By David Egan
Directed by Lora Davies
Venue: Orange Tree Theatre
Date: Tuesday 8th June 2010
This was the first play in the Directors’ Showcase. It was written by a Canadian playwright. Two men sit in a boat, trapped on an island in the far north of Canada. They’re survivors of the ill-fated Franklin expedition to find the North-West Passage; however as the play progresses, we realise that one of the men may not actually be there. Cannibalism rears its toothy maw, and eventually we find that there’s only one man left alive, though clearly not in his perfect wits.
The only set was a rowing boat, with oars, placed diagonally across the stage. It rested on a piece of hessian, and there were lots of props on board – spoons, comb, books, a gun, etc. Costumes were nicely in period.
The story started out with a fair bit of humour, as the two men attempted to keep their spirits up with various games, including the most predictable version of I-spy ever.
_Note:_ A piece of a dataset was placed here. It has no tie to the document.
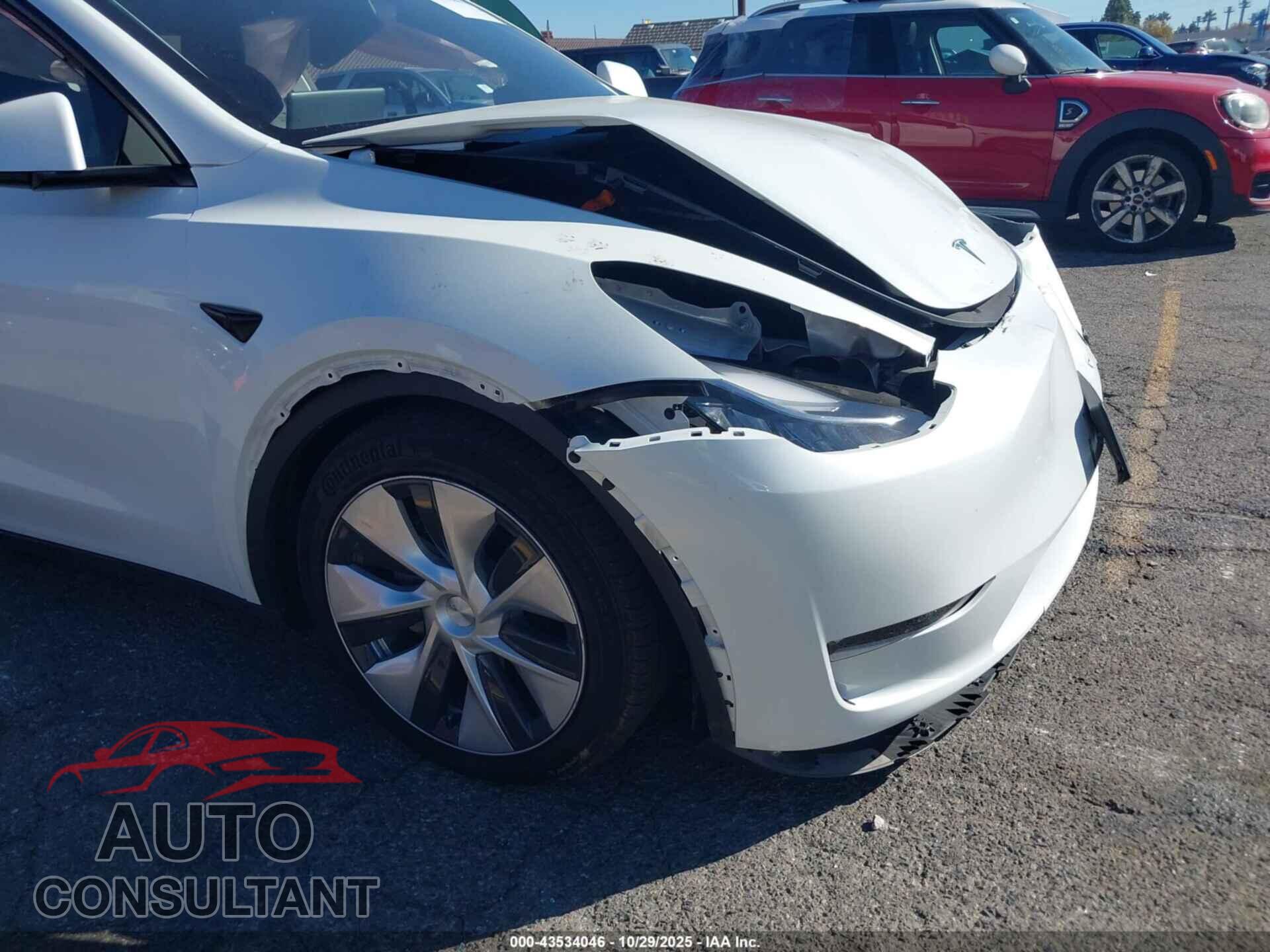 TESLA MODEL Y 2023 - 7SAYGAEEXPF591848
It then became darker, as the story of the original ships was told via flashbacks, and as the “captain’s” insanity started to show itself more clearly, I was pretty sure his shipmate was a figment of his imagination long before he turned up again wanting to be told the story of his own death.
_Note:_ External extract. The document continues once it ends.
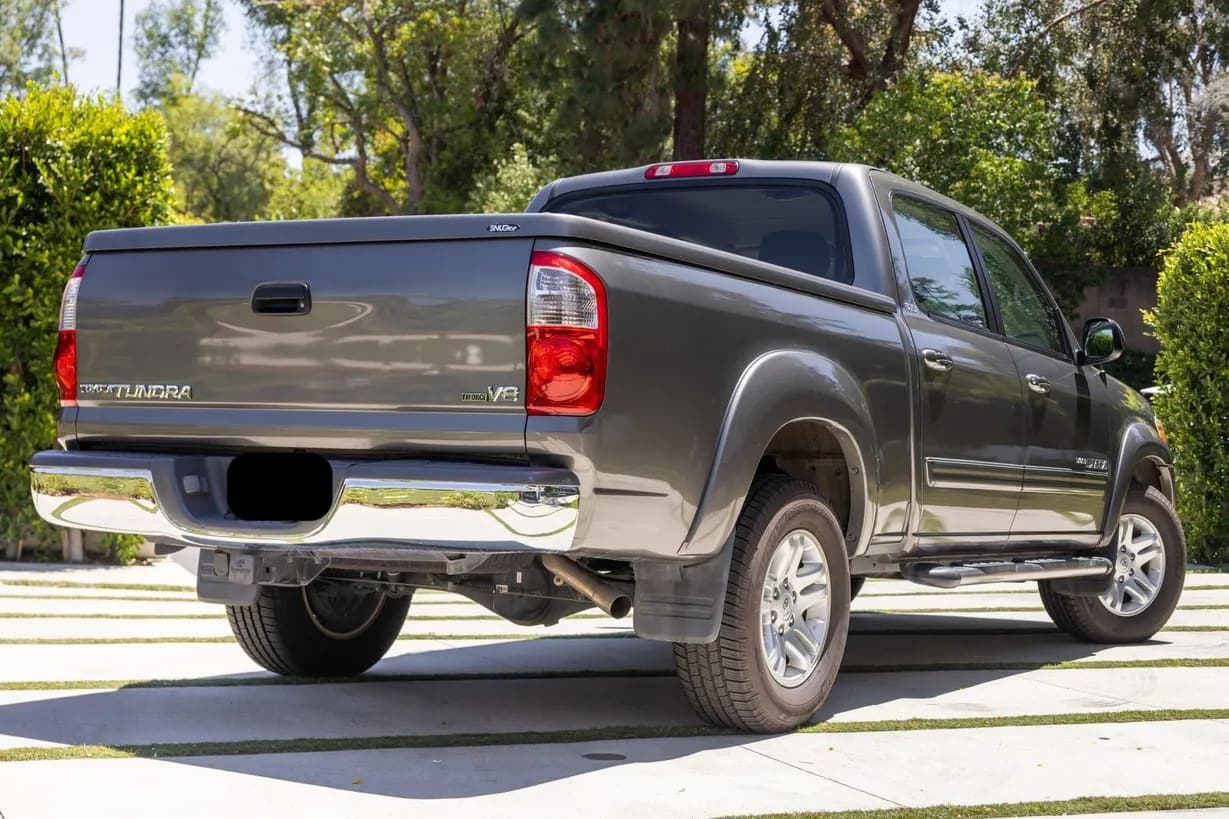 2006 Toyota Tundra SR5 Double Cab V8, view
This was a mixed bag. There was a surprising amount of humour, some ‘scenes’ that were uncomfortable to watch, and some bits that dragged because they seemed repetitive. I felt the hour and a quarter running time could have been cut by twenty or even thirty minutes to create a tighter piece, but maybe that’s just me. The performances were excellent, as usual.
Post-show. There were several attempts by one gentleman in the upper level to hijack the discussion with a solo diatribe on the awfulness of the first piece, Tom’s A-Cold. Fortunately the audience and the two young directors (Sam sent his apologies) managed to fend him off.
Lora found her play through attending a play reading at Oxford(?) several years ago, and had wanted to put it on stage since then, so this was the perfect opportunity. Emma found it quite hard to select her play. Her remit was to find a short piece by a well-known writer which used three or four characters, and ran for only fifty minutes. It took months, but finally she thought of Orton and discovered this play, which she hadn’t known before. They each had to direct on their own this time – no assistants for the first-time directors – although they did the casting process together. I got the impression that as well as learning a lot about what the director’s job entails, they’ve also started to establish their network of contacts, which can be so important in many areas of life.
Apparently we were a quite sophisticated audience – not too many of us fell asleep, and we laughed at some of the jokes. Our quick response to the second line of Ruffian told them we were with the cast from the off. Perhaps the grim nature of the first play made us more receptive to the humour of the second – we needed a good laugh by then – although both pieces were pretty dark. Many people enjoyed both of the plays, though in different ways, and the cast and directors were warmly applauded at the end.